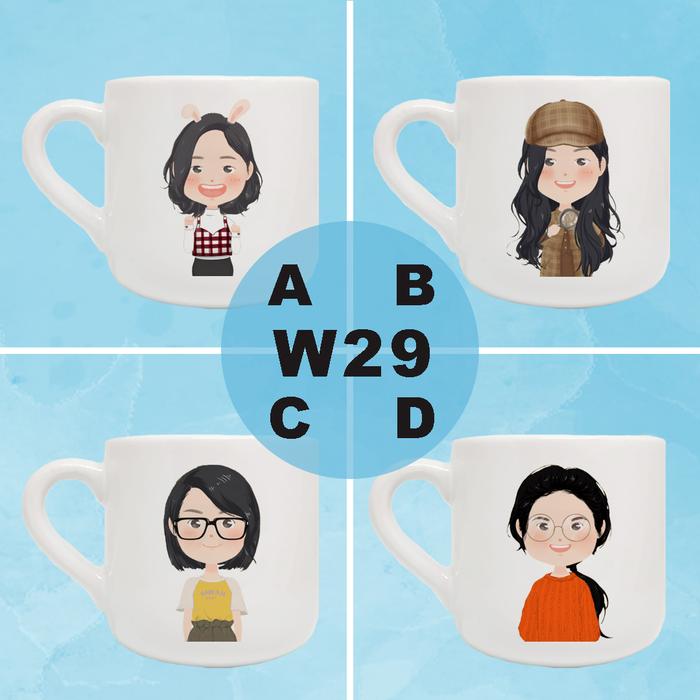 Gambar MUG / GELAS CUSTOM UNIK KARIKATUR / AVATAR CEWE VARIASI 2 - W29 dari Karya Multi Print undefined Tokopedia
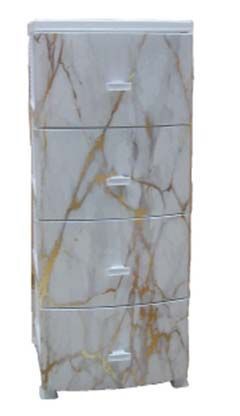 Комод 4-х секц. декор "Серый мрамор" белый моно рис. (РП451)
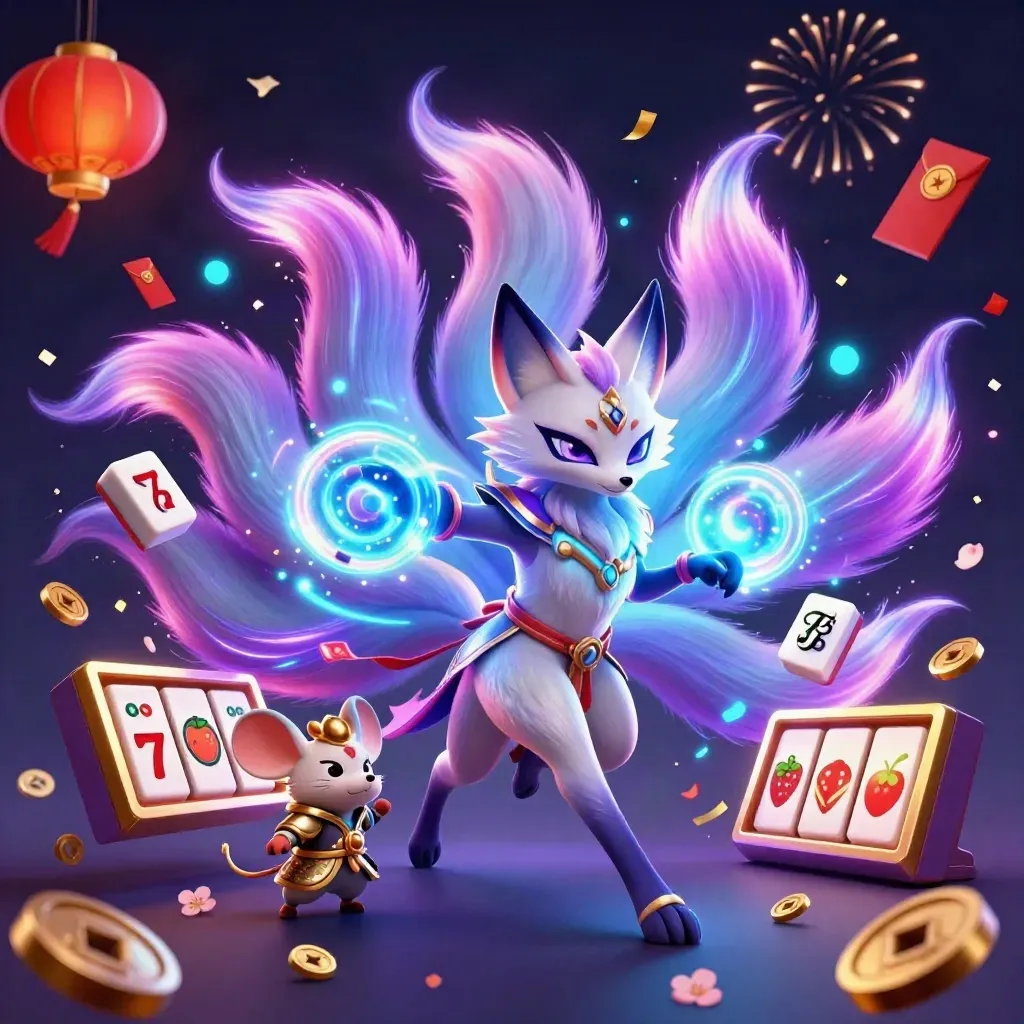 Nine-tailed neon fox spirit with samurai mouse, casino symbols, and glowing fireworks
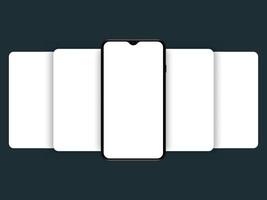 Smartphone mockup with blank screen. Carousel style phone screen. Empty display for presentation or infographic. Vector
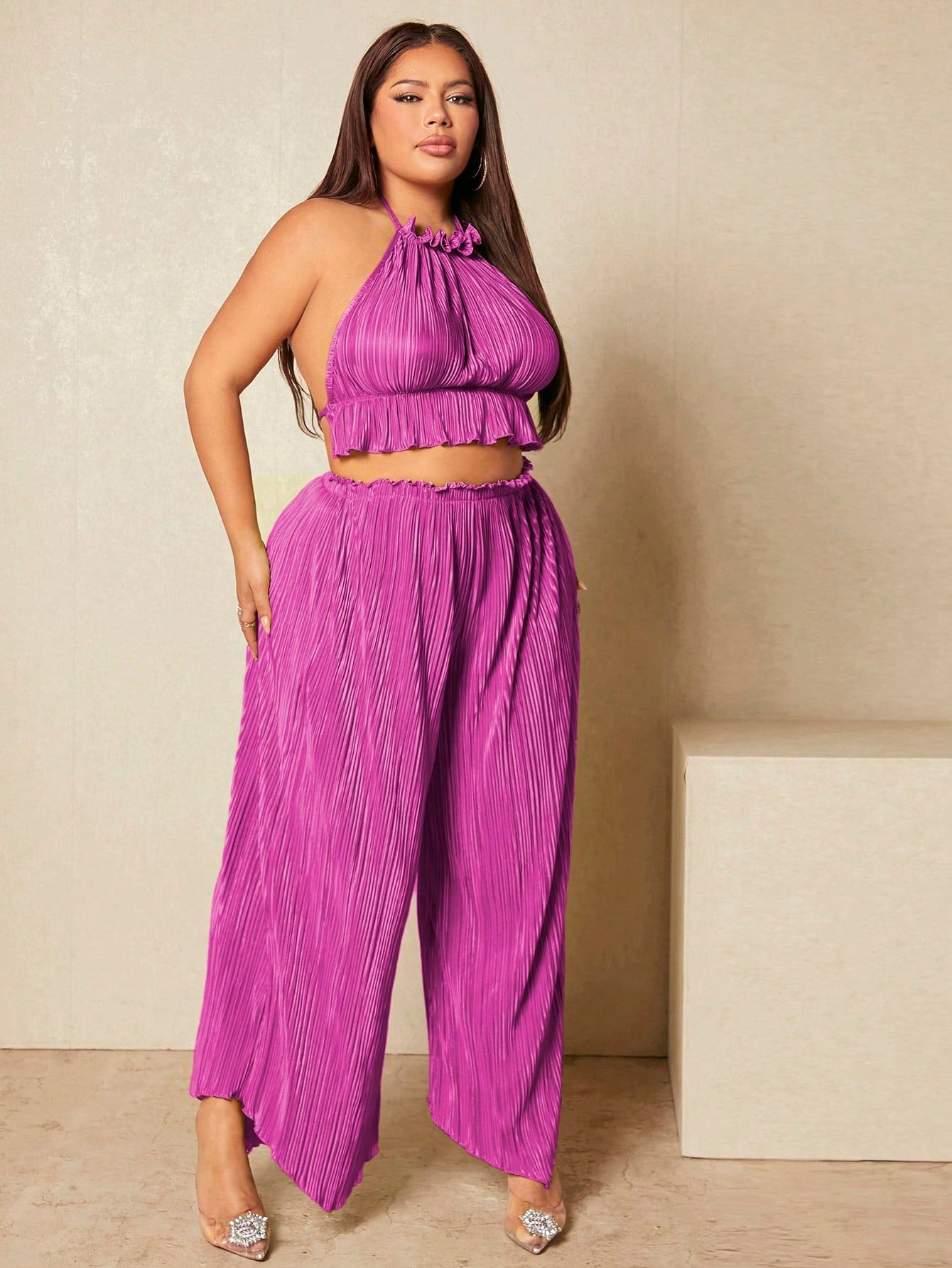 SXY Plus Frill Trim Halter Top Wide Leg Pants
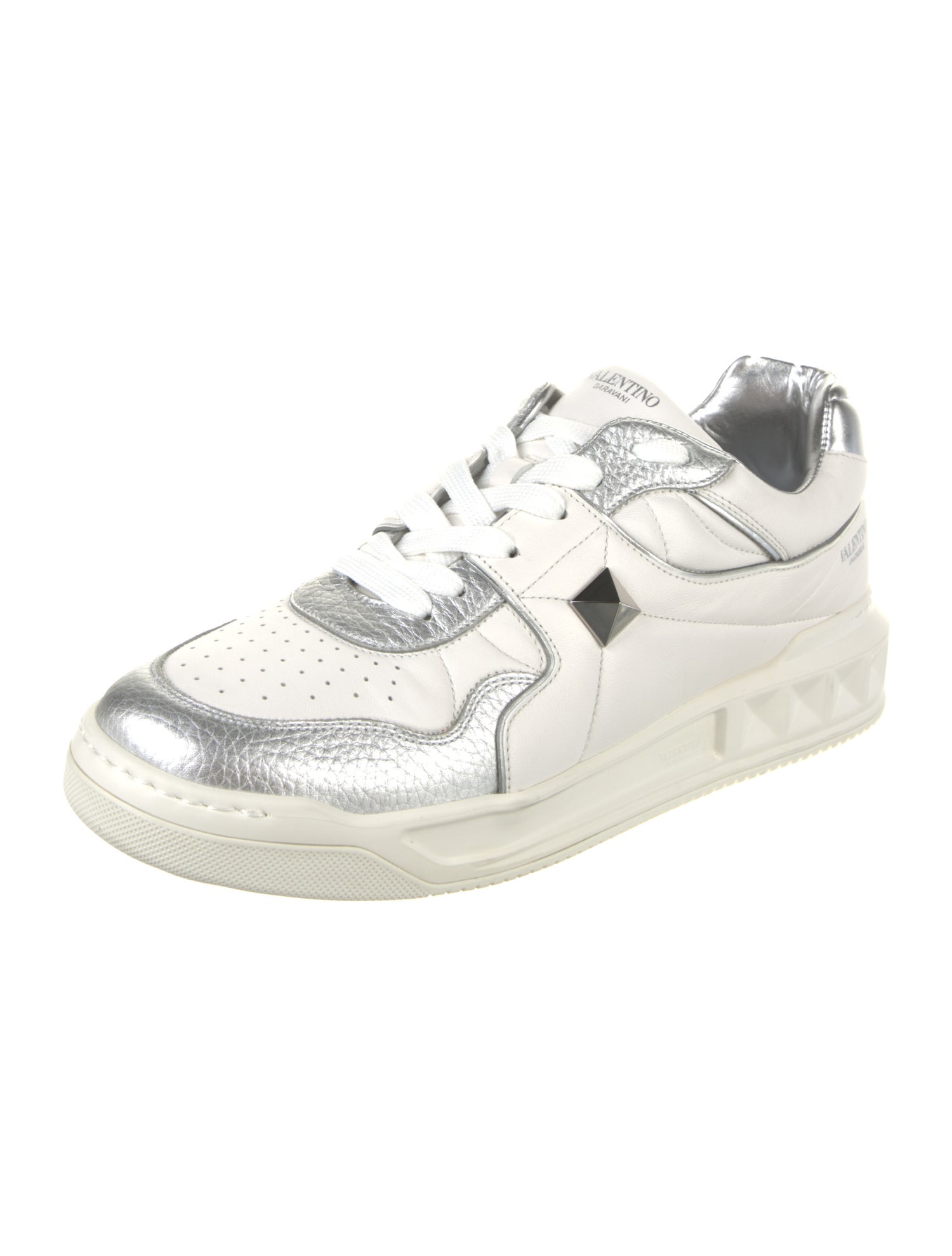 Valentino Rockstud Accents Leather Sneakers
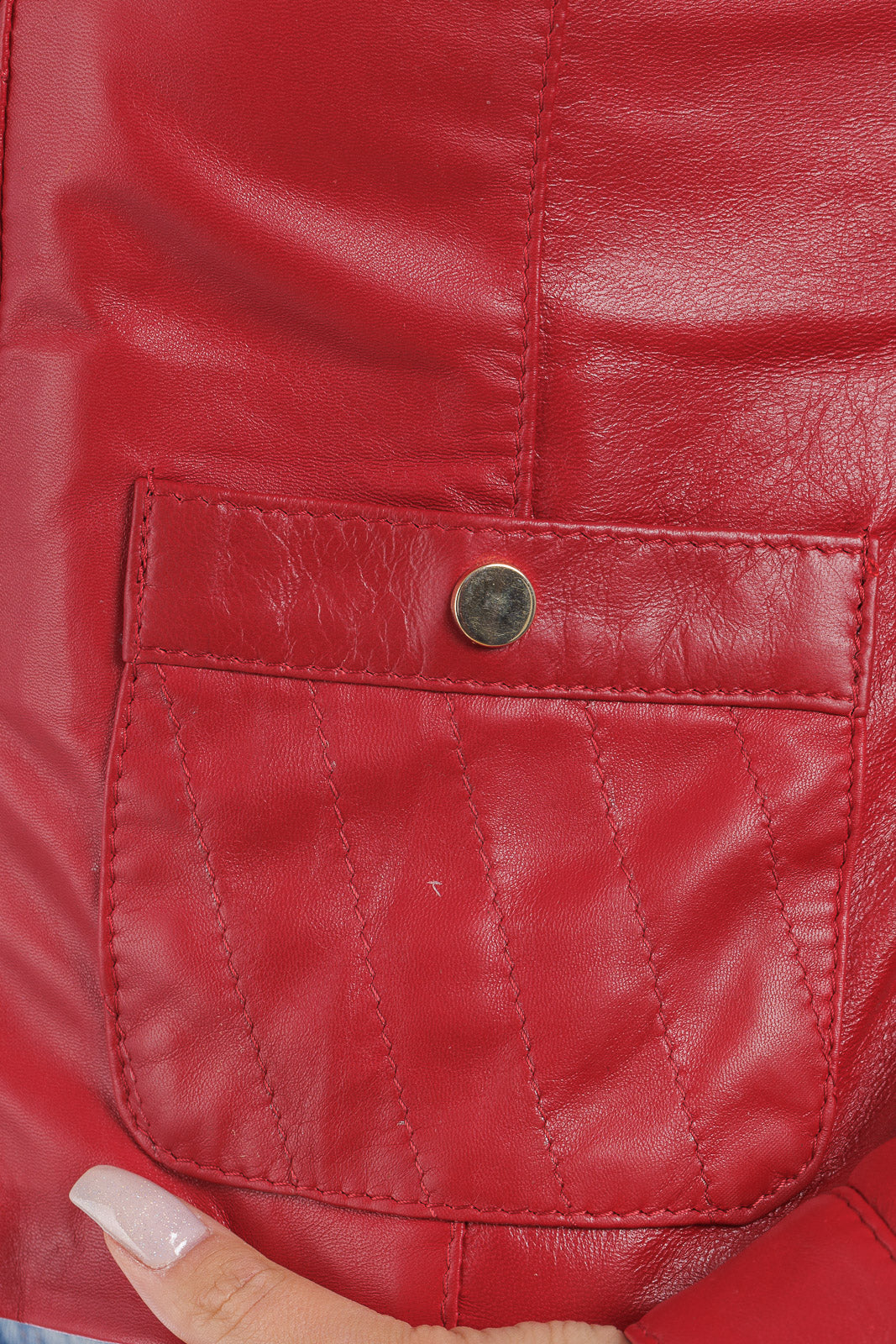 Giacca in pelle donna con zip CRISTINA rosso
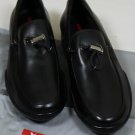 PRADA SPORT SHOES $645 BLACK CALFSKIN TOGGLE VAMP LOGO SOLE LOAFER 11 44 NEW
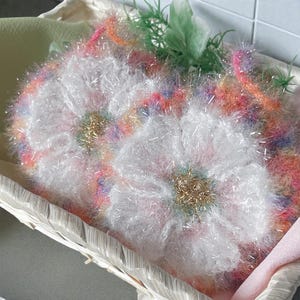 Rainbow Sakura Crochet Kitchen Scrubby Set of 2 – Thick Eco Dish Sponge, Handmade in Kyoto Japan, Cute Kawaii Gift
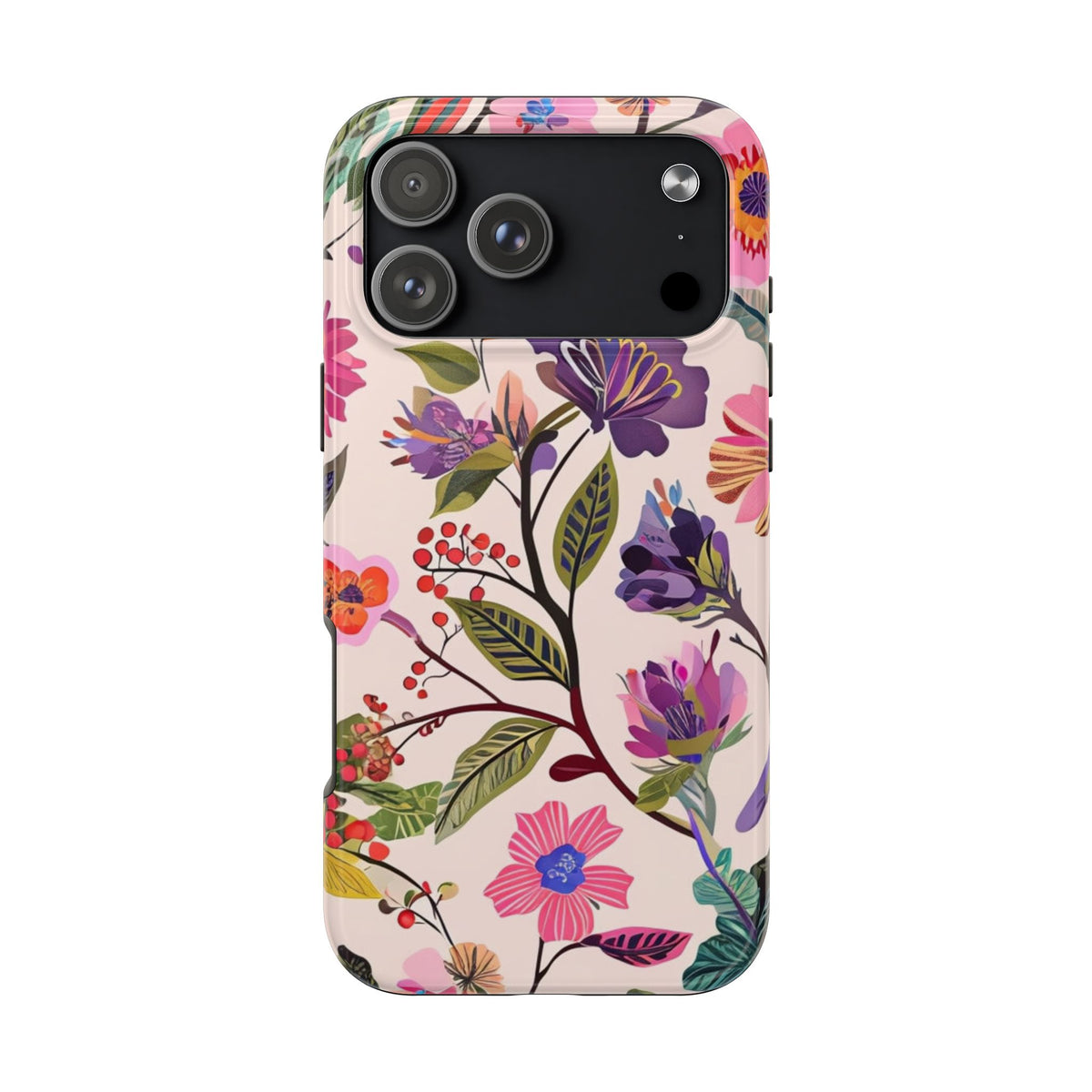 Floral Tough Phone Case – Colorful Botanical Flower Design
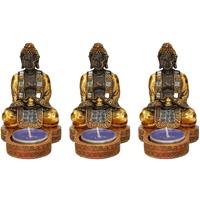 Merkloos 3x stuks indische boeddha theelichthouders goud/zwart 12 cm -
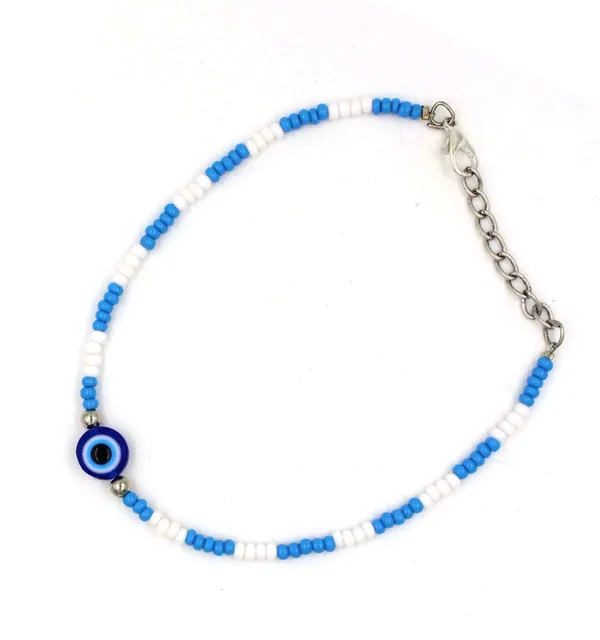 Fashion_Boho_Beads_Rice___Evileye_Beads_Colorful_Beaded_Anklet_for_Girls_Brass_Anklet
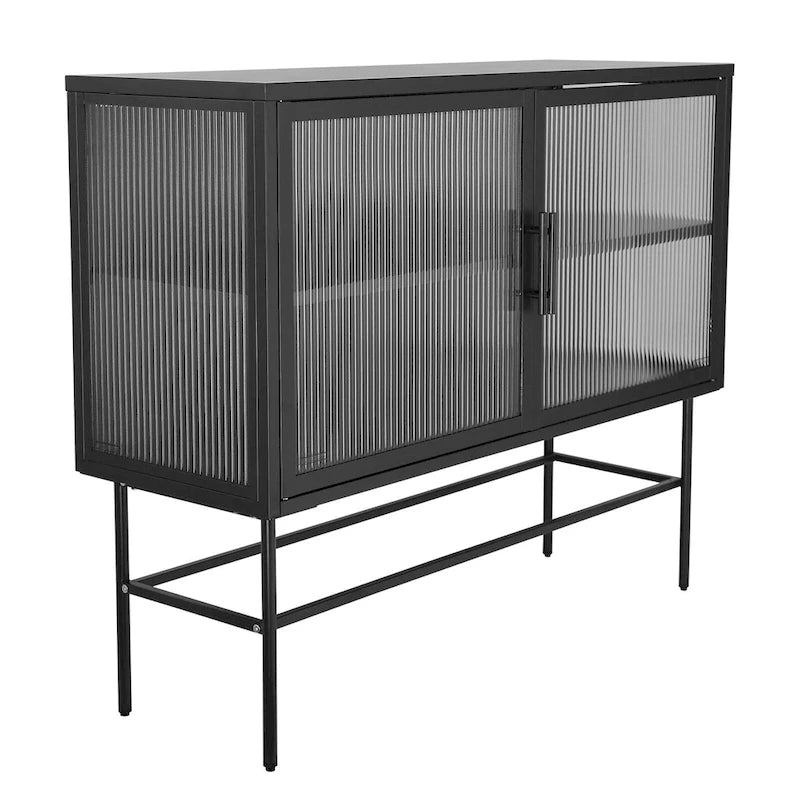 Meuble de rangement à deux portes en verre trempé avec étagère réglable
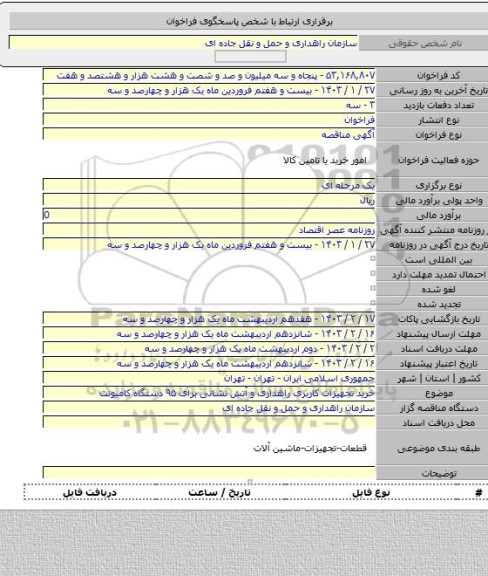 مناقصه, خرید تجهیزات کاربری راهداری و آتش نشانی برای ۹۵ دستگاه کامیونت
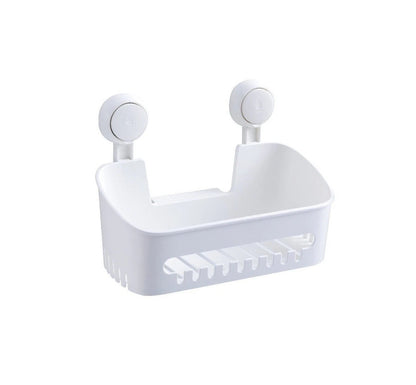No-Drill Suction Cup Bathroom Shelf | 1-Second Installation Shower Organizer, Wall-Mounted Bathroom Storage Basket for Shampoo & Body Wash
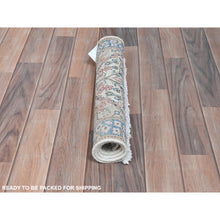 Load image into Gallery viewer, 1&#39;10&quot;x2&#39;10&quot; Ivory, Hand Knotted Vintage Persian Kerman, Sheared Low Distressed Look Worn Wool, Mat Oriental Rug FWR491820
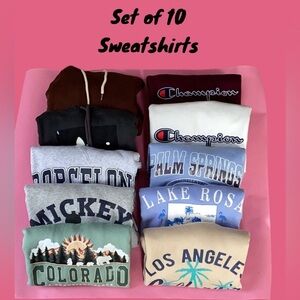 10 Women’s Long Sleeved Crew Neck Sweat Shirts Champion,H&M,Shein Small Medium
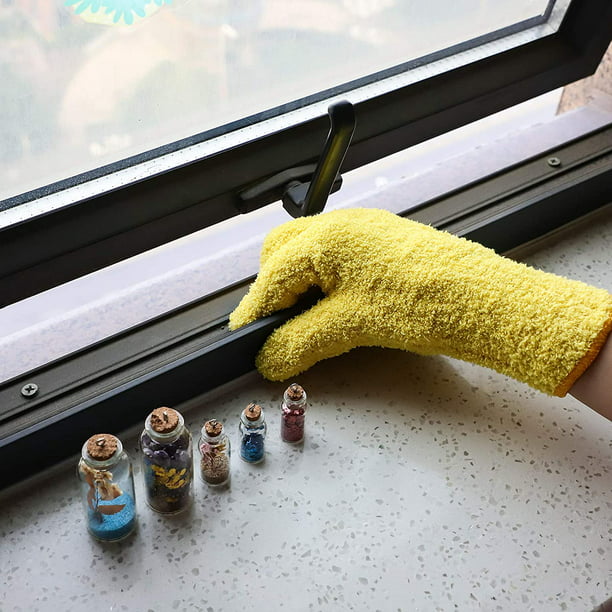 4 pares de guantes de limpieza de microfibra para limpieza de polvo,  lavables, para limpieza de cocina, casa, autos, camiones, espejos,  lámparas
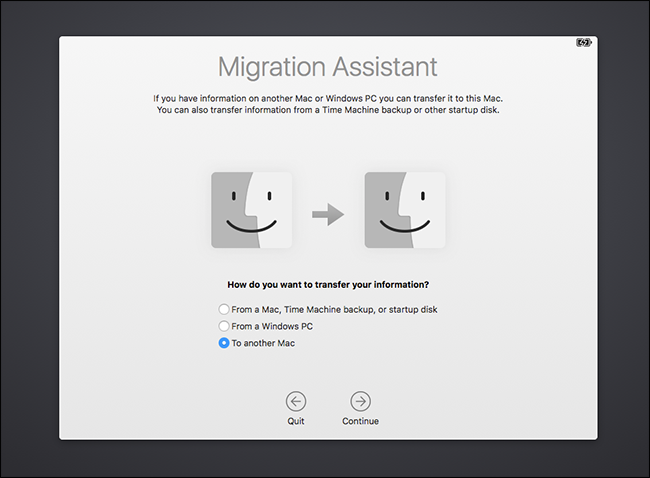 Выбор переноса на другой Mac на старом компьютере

+++

** Your goal **
With the pictures excluded, restate word for word each line from the one that contains "Merkloos 3x stuks" through the last line of the listing above.

** Solution for this task **
 Merkloos 3x stuks indische boeddha theelichthouders goud/zwart 12 cm -
 Fashion_Boho_Beads_Rice___Evileye_Beads_Colorful_Beaded_Anklet_for_Girls_Brass_Anklet
 Meuble de rangement à deux portes en verre trempé avec étagère réglable
 مناقصه, خرید تجهیزات کاربری راهداری و آتش نشانی برای ۹۵ دستگاه کامیونت
No-Drill Suction Cup Bathroom Shelf | 1-Second Installation Shower Organizer, Wall-Mounted Bathroom Storage Basket for Shampoo & Body Wash
 Load image into Gallery viewer, 1&#39;10&quot;x2&#39;10&quot; Ivory, Hand Knotted Vintage Persian Kerman, Sheared Low Distressed Look Worn Wool, Mat Oriental Rug FWR491820
 10 Women’s Long Sleeved Crew Neck Sweat Shirts Champion,H&M,Shein Small Medium
 4 pares de guantes de limpieza de microfibra para limpieza de polvo,  lavables, para limpieza de cocina, casa, autos, camiones, espejos,  lámparas
 Выбор переноса на другой Mac на старом компьютере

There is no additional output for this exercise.